[Web page caption snippets]
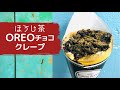 ほうじ茶とOREOとチョコソースのクレープ最高#crepe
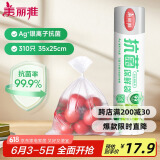 美丽雅 抗菌保鲜袋食品级310只大号35*25cm 点断式一次性微波冰箱塑料袋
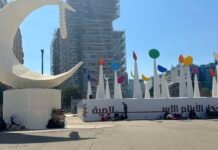 More Than 1 Million People in Lebanon Have Been Displaced. These Are Their Stories. more-than-1-million-people-in-lebanon-have-been-displaced-these-are-their-stories.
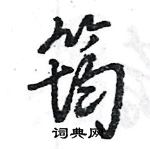 筠怎么写好看,筠硬笔书法图片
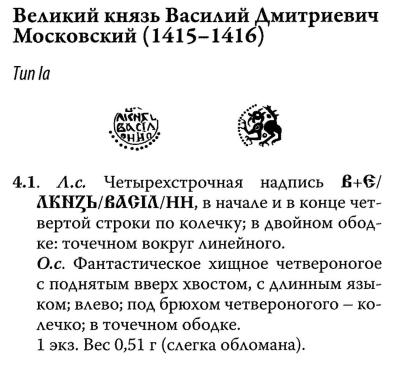 Снимок экрана 2023-11-06 в 8.03.29 AM.jpeg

--- Work task ---
Transcribe exactly the lines from the one with "筠怎么写好看,筠硬笔书法图片" to the last line of the records, both included, so that no picture appears in the copy.

--- The answer ---
 筠怎么写好看,筠硬笔书法图片
 Снимок экрана 2023-11-06 в 8.03.29 AM.jpeg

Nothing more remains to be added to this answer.